_DIRECTIONS_. When writing out the entries below, keep only the lines from the line with "this 250×188 image." to the line with "this 1280×720 image.", both included, exactly as they are, and leave the pictures aside.

####################

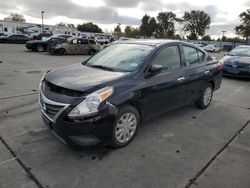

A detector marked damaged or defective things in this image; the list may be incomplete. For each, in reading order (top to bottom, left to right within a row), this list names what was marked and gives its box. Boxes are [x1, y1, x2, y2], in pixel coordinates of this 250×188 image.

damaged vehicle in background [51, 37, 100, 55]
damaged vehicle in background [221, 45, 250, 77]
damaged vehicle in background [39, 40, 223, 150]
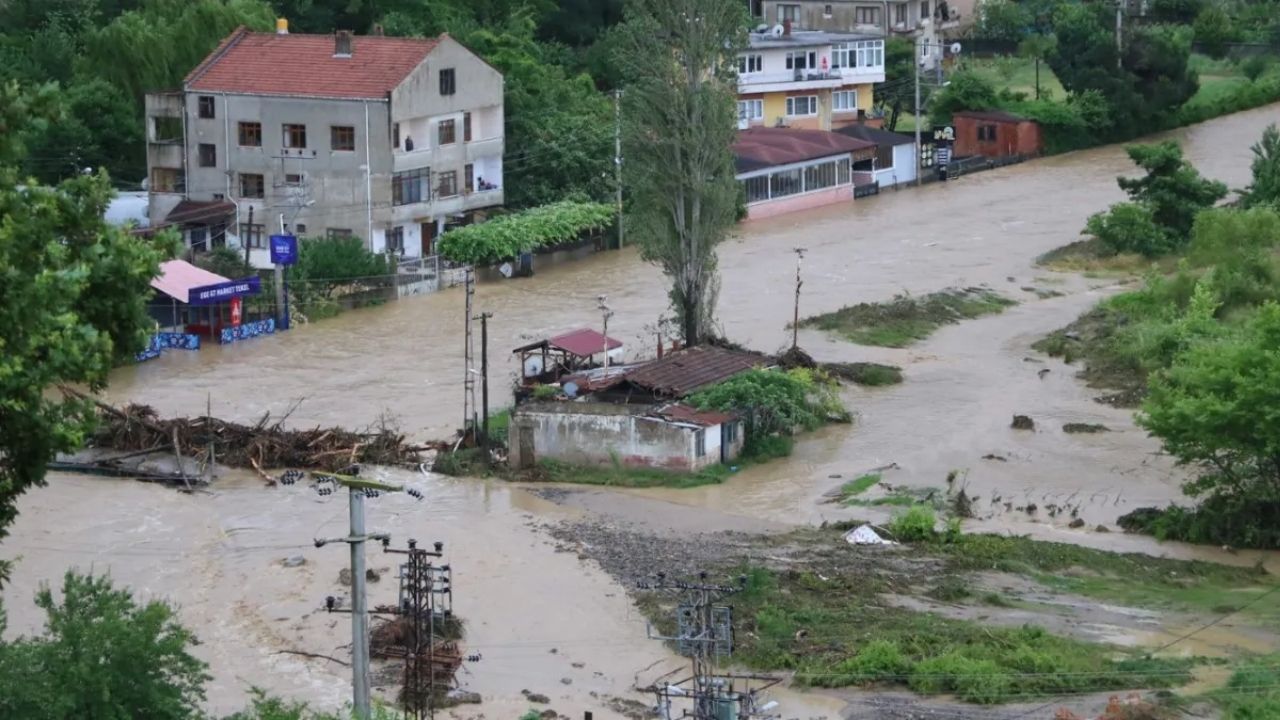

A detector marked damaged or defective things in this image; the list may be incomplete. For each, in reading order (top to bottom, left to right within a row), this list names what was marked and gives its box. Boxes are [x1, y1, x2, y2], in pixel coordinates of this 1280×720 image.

####################

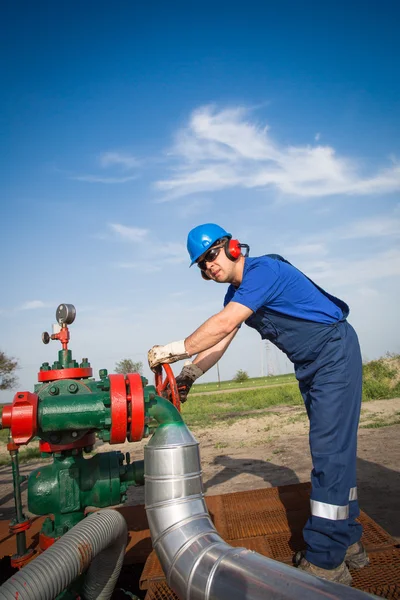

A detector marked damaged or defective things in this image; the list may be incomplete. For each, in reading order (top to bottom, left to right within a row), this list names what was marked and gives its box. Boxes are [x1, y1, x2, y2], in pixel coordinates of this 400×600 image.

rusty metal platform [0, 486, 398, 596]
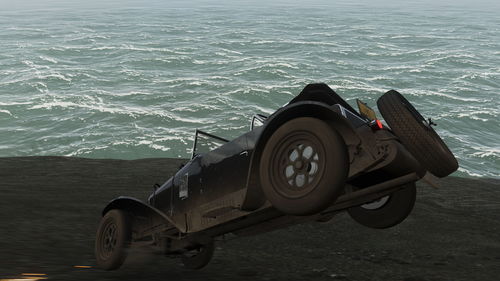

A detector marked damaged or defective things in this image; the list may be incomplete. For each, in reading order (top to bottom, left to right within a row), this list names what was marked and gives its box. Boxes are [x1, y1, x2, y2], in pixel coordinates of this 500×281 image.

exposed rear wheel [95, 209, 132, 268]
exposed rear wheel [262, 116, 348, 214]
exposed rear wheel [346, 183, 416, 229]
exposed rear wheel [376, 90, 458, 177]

####################

_SOLUTION BELOW_.
A detector marked damaged or defective things in this image; the list may be incomplete. For each, in reading order (top to bottom, left to right within a row), this list names what was marked and gives its box. Boxes are [x1, y1, x2, y2], in pixel coordinates of this 250×188 image.

damaged vehicle in background [51, 37, 100, 55]
damaged vehicle in background [221, 45, 250, 77]
damaged vehicle in background [39, 40, 223, 150]

A detector marked damaged or defective things in this image; the list may be incomplete. For each, in reading order (top to bottom, left to right within a row), this list names what was marked and gives its box. Boxes are [x1, y1, x2, y2], in pixel coordinates of this 1280×720 image.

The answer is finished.